The difficulty for Mr Corbyn and Momentum is that they do not have a secure majority on the NEC on these questions. That is because the trade unions have been unwilling to assist them on their agenda. As they hold the balance of power on the NEC and still appear to regard Tom Watson, the Deputy Leader, as their de facto leader on that body, then the struggle may well end in stalemate.

So will the trade unions be the next set of institutions to be Corbynised?

This being the case then if the Corbyn fraternity cannot acquire the rule and personnel changes that they need by the conference next year, then they will have to either press ahead with deselection of MPs despite the obvious difficulties that this would entail (not least appalling publicity) or they will have to seek to change the trade unions by similar means to that which they have managed to take over the Labour Party

A number of the largest trade unions have internal elections due in 2017 and, especially, 2018 for their leadership and for their equivalent of the National Executive Committee. If Momentum supporters can be mobilised to take part in these elections (and becoming a member of a trade union is not that arduous and most of the larger unions have such broad constituencies of workers that almost anyone can qualify), then the trade unions could switch from being a constraint on the Corbyn crusade to collaborators.

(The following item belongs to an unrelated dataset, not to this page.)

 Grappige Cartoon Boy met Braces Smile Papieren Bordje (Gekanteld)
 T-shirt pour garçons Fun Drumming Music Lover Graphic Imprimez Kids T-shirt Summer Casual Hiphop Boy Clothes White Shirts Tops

Were that to have occur, then by the end of this Parliament all of the “commanding heights” of the Labour Party would have fallen to those who were regarded until recently as being on the fringe of the party (indeed, for large numbers of people, outside of it). That this might involve a massive general electoral defeat is, apparently, irrelevant.

How appropriate it is that 2017 is likely to be such an important year for the Labour Party. It is, after all, the centenary of the Russian Revolution and the bloody showdown between the Mensheviks and the Bolsheviks.